Une guerre qui a laissé pratiquement indifférente la France. Qui se souciait en 1945 que l’Indochine française soir revendiquée par un communiste du nom de Ho Chi Minh ? Sauf que ces terres lointaines étaient sources de profit même si les Français de souche y étaient peu nombreux. Ce n’était pas l’Algérie. Alors on y envoie un corps expéditionnaire de bataillons professionnels (il n’y aura jamais d’appelés) pour renforcer les garnisons sur place mises à mal, massacrées avec la population en 1945 par les Japonais qui occupaient le pays. La guerre peut commencer et se finira à Dien Bien Phu en 1954, le pays sera divisé en deux pour finir par être réunifié après une autre guerre américaine cette fois en 1975 avec la chute de Saigon. Album sélectionné pour le prix des Galons de la BD 2026.

« Sale » guerre en Indochine, ce sont les souvenirs (racontés par sa fille Natalie Nie) et Chongrui Nie au dessin d’un journaliste de l’AFP, l’Agence France Presse qui couvre le monde entier, une référence dont les dépêches jamais signées arrivaient par télex dans toutes les rédactions. François de Sorbier journaliste à l’AFP épousera Charlotte Raveau anesthésiste militaire à l’hôpital Grall de Saïgon. Ce n’est qu’à la fin de sa vie que Sorbier parlera de sa guerre. Sa femme dira « sale et si cher pays ». U titre devenu ambigu en parlent cette fois de sale guerre. Pourquoi ? Et c’est là que le recueil des souvenirs rassemblé par sa fille est capital. Elle reprend des 1946 le détail des évènements, les cartes du Tonkin, de l’Annam, de la Cochinchine, du Laos et de Cambodge qui forment la Fédération indochinoise. Charlotte s’engage, arrive à Saïgon, se souvient de sa propre histoire familiale. De Sorbier part aussi pour des raisons financières. Il arrive en 1949.

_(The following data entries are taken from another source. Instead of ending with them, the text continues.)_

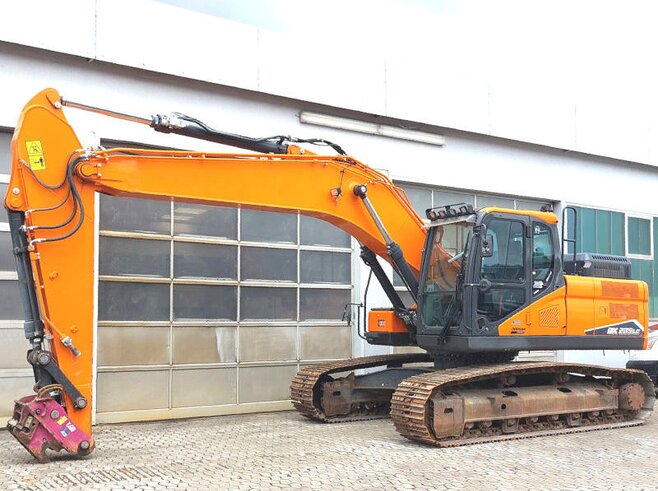 Doosan DX235LC-7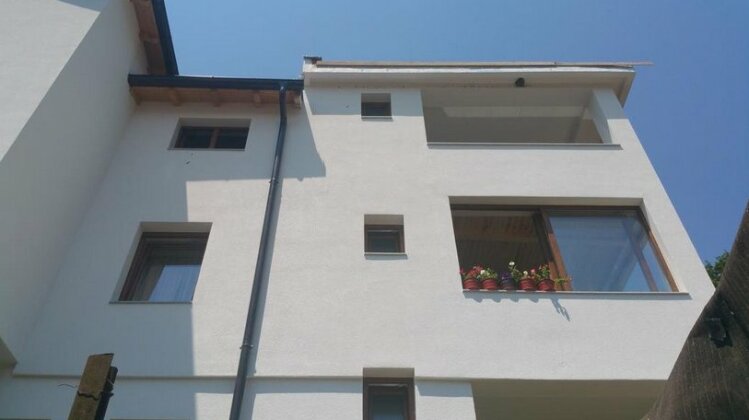 Aste Guesthouse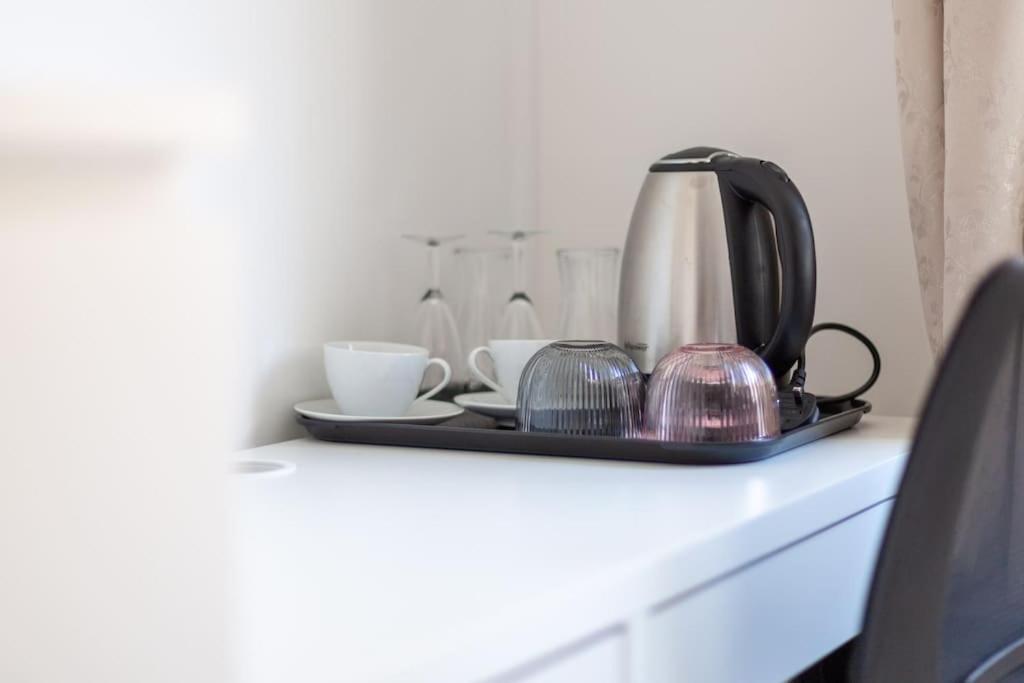 Stunning 5-bedroom Retreat In The Heart Of Apartment London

Des noms qui vont former l’élite de ces journalistes de première ligne, Coutard, Lucien Bodard le magnifique, Graham Greene, Jacques Chancel, Ferrari, Camus et une femme pas citée Brigitte Friang qui sautera avec les paras français en opération. Tous au SPI, le service presse information où l’armée essaye de contrôler comme il peut les infos. Tout l’album est un reportage au plus près de l’actualité, très photographique dans l’illustration. Pour avoir sillonné le Nord Vietnam, la RC4, Dong Khé, Cao Bang, le col des Nuages, Hanoi ou la frontière de Chine sur les traces de cette guerre, je ne qualifierai pas de sale ce pays ni cette guerre. Je peux dire que tous les soldats français qui s’y sont battus ont éprouvé pour l’Indochine une affection indéfectible. Et y serait retourné sans hésiter. J’en ai côtoyé des dizaines. C’est vrai que Brigitte Friang ou Ferrari le photographe avaient une autre vision plus proche de celle de Sorbier. Le récit est prenant, émouvant et authentique. La mise en page fait penser à un Cinq Colonnes à la Une en papier. Enfin une phrase, celle du général Westmorland aux GI’s qui avec les troupes US continuera la guerre contre le Nord jusqu’en 1975 : « ne faites pas l’erreur des Français, ne tombez pas amoureux de ce pays ». Un bouquin qui est une base parfaite à conserver pour comprendre cette guerre morte comme l’ont appelé les photographes qui en ont fait un des meilleurs albums de photoreportages dont c’est le titre. Jean-Laurent TRUC
« Sale » guerre en Indochine, Souvenirs d’un journaliste de l’AFP, 128 pages, Mosquito, 25 €


Merci pour des commentaires sur notre livre. Très touchés. Vous évoquez beaucoup d’autres événements et personnes que pour une question de place accordée par l’éditeur, nous ne pouvions citer.
Ce qui nous fait plaisir c’est qu’à chaque festival nous rencontrons des lecteurs qui sont des descendants des anciens d’Indochine, métis, réfugiés, militaires, colons qui nous racontent leur histoire. Nous sommes des centaines de milliers sur les réseaux sociaux à dire notre besoin de nous reconnecter à ce pays. Mes parents disaient qu’ils avaient aimé les vietnamiens bien plus que leur pays, leur gentillesse et résilience face aux horreurs leur avaient ouvert le cœur.